Just as the people in her new town had blamed her for her student’s death. Someone always needed someone else to blame.
“And so did I,” she added. “I shouldn’t have blamed you.”
“You shouldn’t have,” he agreed. “Because I would have never hurt you, then or now.” He dragged in a deep breath to say what he’d waited around to tell her, what he’d waited four years to tell her. “Because I love you, Josie.”
“You love me?” She asked the question as if it had never occurred to her, as if she had never dared to hope. Until now. Her eyes widened with hope and revealed her own feelings.
“Yes,” he said, “I love your passion and your intelligence and—”
She stretched up his body and pressed a kiss to his lips. “I didn’t think you’d ever be able to trust me, much less love me.”
“I don’t just love you,” he said. “I want to spend my life with you and CJ. No more undercover. I’ll find a safer way to get justice for others, like maybe helping you with stories.”
She smiled. “That might be more dangerous than your old job.”
“We’ll keep each other safe,” he promised. “Will you become my wife?”
“It will thrill CJ if his parents are together, if every day is like that day at my house,” she said.
That had been such a good day—a day Brendan had never wanted to end. His heart beat fast with hope. She was going to say yes....
“But as much as I love our son, I won’t marry you for his sake,” she said. “And you wouldn’t want me to.”
He wasn’t so sure about that. But before he could argue with her, she was speaking again.
“I will marry you,” she assured him, “because I love you with all my heart. Because even when I was stupid enough to think you were a bad man, I couldn’t stop loving you. And I never will.”

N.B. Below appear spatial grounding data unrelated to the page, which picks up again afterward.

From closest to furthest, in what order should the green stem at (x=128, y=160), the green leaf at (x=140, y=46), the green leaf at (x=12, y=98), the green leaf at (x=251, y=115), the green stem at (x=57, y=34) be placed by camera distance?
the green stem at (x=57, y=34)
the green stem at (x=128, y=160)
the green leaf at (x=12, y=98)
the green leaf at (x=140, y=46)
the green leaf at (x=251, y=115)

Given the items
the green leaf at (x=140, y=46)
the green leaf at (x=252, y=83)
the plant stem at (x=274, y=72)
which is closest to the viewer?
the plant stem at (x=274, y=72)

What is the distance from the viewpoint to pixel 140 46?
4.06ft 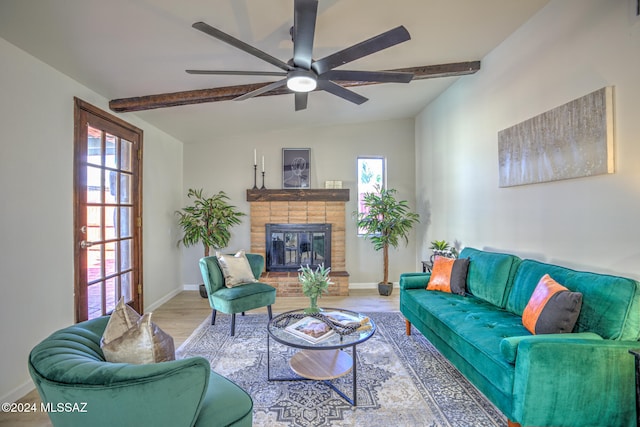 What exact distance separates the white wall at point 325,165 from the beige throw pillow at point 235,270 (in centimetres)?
166

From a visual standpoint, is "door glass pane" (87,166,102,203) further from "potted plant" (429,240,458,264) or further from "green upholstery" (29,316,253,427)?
"potted plant" (429,240,458,264)

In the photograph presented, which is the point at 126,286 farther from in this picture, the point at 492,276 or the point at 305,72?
the point at 492,276

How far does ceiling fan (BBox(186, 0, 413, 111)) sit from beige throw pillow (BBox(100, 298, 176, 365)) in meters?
1.52

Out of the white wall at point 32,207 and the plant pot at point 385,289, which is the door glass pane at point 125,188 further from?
the plant pot at point 385,289

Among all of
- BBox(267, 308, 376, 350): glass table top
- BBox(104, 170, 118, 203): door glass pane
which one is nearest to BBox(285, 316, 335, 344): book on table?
BBox(267, 308, 376, 350): glass table top

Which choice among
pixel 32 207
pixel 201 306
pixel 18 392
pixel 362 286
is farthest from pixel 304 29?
pixel 362 286

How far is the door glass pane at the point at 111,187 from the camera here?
3.37 meters

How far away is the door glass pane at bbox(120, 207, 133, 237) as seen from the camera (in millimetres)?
3693

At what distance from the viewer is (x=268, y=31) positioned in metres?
2.43

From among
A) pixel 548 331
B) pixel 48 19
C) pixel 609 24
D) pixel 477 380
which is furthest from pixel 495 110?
pixel 48 19

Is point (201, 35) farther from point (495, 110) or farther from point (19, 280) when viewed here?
point (495, 110)

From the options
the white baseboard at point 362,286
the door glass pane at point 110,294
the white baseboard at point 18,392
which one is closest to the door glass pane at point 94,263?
the door glass pane at point 110,294

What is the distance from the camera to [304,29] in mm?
1761

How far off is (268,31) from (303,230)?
342 centimetres
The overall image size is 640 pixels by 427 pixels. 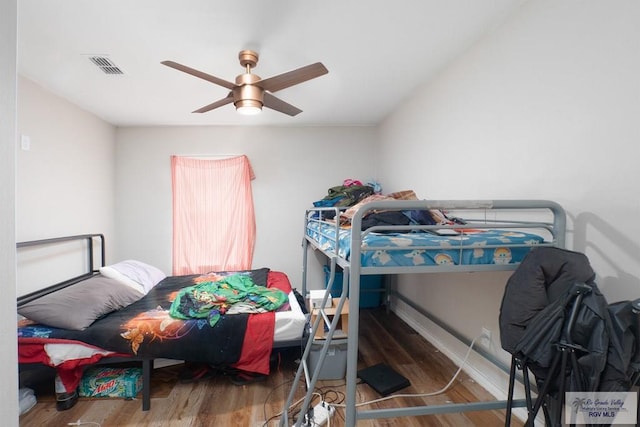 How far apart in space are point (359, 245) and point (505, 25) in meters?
1.64

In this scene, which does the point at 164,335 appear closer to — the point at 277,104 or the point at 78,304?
the point at 78,304

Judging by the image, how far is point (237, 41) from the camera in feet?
6.03

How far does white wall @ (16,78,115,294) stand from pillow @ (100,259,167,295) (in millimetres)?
559

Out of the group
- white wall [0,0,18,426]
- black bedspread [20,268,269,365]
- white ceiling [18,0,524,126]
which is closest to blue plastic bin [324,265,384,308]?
black bedspread [20,268,269,365]

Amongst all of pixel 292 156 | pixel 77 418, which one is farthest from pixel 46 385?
pixel 292 156

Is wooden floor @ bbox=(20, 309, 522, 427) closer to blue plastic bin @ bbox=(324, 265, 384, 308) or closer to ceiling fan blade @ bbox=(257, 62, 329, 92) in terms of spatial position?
blue plastic bin @ bbox=(324, 265, 384, 308)

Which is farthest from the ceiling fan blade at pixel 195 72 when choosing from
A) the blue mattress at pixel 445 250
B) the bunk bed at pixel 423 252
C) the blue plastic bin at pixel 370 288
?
the blue plastic bin at pixel 370 288

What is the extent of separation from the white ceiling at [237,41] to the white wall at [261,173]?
2.80 feet

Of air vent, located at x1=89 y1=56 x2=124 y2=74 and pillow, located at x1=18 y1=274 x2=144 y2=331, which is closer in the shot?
pillow, located at x1=18 y1=274 x2=144 y2=331

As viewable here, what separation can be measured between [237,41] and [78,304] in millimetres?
2070

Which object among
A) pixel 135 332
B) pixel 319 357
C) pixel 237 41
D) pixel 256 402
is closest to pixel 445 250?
pixel 319 357

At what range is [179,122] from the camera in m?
3.42

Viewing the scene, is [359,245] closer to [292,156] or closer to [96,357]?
[96,357]

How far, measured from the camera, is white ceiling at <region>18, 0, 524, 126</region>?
5.12ft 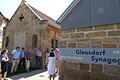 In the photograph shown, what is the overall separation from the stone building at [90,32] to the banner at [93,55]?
15 cm

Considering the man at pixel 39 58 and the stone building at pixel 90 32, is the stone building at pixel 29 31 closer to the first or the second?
the man at pixel 39 58

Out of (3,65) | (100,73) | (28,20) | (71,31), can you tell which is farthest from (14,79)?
(28,20)

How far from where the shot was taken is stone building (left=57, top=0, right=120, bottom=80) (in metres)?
→ 5.62

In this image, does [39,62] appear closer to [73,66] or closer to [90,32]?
[73,66]

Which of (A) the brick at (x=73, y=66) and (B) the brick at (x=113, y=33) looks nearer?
(B) the brick at (x=113, y=33)

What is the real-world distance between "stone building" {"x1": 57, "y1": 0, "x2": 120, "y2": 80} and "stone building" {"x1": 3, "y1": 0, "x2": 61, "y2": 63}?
20.5ft

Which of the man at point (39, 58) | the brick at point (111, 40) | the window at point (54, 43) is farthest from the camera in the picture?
the window at point (54, 43)

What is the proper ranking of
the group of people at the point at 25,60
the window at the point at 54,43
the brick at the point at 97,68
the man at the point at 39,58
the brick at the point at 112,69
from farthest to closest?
1. the window at the point at 54,43
2. the man at the point at 39,58
3. the group of people at the point at 25,60
4. the brick at the point at 97,68
5. the brick at the point at 112,69

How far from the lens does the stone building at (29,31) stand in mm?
13648

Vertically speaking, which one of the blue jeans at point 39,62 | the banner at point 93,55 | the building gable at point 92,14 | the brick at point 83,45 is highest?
the building gable at point 92,14

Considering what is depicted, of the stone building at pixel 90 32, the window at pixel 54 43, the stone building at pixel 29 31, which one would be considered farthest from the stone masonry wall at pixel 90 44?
the window at pixel 54 43

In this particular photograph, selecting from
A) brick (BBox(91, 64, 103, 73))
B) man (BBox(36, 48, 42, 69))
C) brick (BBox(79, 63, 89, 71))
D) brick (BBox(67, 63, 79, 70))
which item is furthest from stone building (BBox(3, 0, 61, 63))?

“Never,” he agreed. And he covered her mouth with his, sealing their engagement with a kiss since he had yet to buy a ring. But it was no simple kiss. With them, it never was. Passion ignited and the kiss deepened.
If not for the dinging of the elevator, they might have forgotten where they were. His mother stepped through the open doors, her eyes glinting with amusement as if she’d caught him making out on the porch swing.
“We’re getting married, Mom,” he said.
“Of course,” she said, as if there had never been any question in her mind. “Now, open the door for me.” She juggled a tray of plates and coffee cups and a sippy cup.
He opened the door to his son, who threw his arms around Brendan’s legs. “Daddy! Daddy, you’re still here.”
“I’m never leaving,” he promised his son.
“Gramma!” the little boy exclaimed, and he pulled away from Brendan to follow her to his grandfather’s bedside.
With a happy sigh, Josie warned him, “We’re never going to have a moment alone.”
“Our honeymoon,” he said. “We’ll spend our honeymoon alone.”